Él la besó en la mejilla.

—También tienes cicatrices. Te las quitaría si pudiera. — Pero no podía. Ambos lo sabían. Las de él en el exterior. Las de ella por dentro. Ambos habían flotado cerca de la muerte. Las cicatrices servirían como un recordatorio de su triunfo.

Apoyó las palmas de sus manos a ambos lados de su rostro y sostuvo su mirada inquebrantable.

—Naruto, ¿estás seguro de que puedes renunciar a tu sueño sin terminar odiándome?

—Tú eras mi sueño, Hinata. Es que simplemente no lo sabía. Eres lo que una parte de mí siempre estaba buscando.
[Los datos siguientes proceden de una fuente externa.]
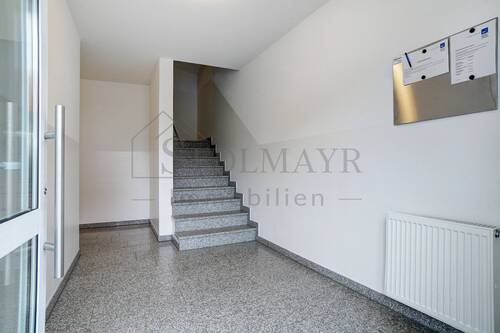 Hauseingang Mehrfamilienhaus - Etagenwohnung mit 86,50 m² in Inning am Ammersee zum Kaufen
Sus labios encontraron los de ella, calientes y vibrantes, llenos de vida, de deseo. Sus manos se tocaron y se acariciaron, avivando las brasas moribundas de su pasión, con un rugido fulgurante. Ella besó su cuello, pasó las manos sobre su pecho y bajó, acariciándolo audazmente, saboreando los profundos sonidos guturales que vibraban dentro de su garganta.

Hicieron el amor, tratando de cumplir su sueño. Hicieron el amor para celebrar la promesa de ese sueño. Ahora, por fin, estaban celebrando aquello en lo que deberían haberse glorificado todo el tiempo: el amor que sentían el uno por el otro.

Él capturó su mirada mientras hundía su cuerpo en el de ella que se maravilló de la perfección de su unión. Luego comenzó a moverse, las claras profundidades de sus ojos humeando, el fuego rugiendo a través de ella, ardiendo brillantemente hasta que explotó con un glorioso estallido de sensaciones, colores y sonidos, diferente de todo lo que había conocido hasta ahora.

Naruto se estremeció antes de desplomarse sobre su pecho, su respiración ronca cerca de su oreja, sus dedos enhebrados a través de su pelo, raspando suavemente su cuero cabelludo.

—Te amo — le susurró ella

—En este momento me diste mi regalo de Navidad — le dijo bajo, con voz cansada.

—¿Tu regalo de Navidad?

—Eso es todo lo que quería para Navidad. Tu amor. — Ella cerró los ojos, recordando sus palabras en la habitación del hotel esa noche hacía tanto tiempo. "Algo que solo podría darse si no se lo pidiera".

Algo con lo que ella lo regalaría por el resto de su vida.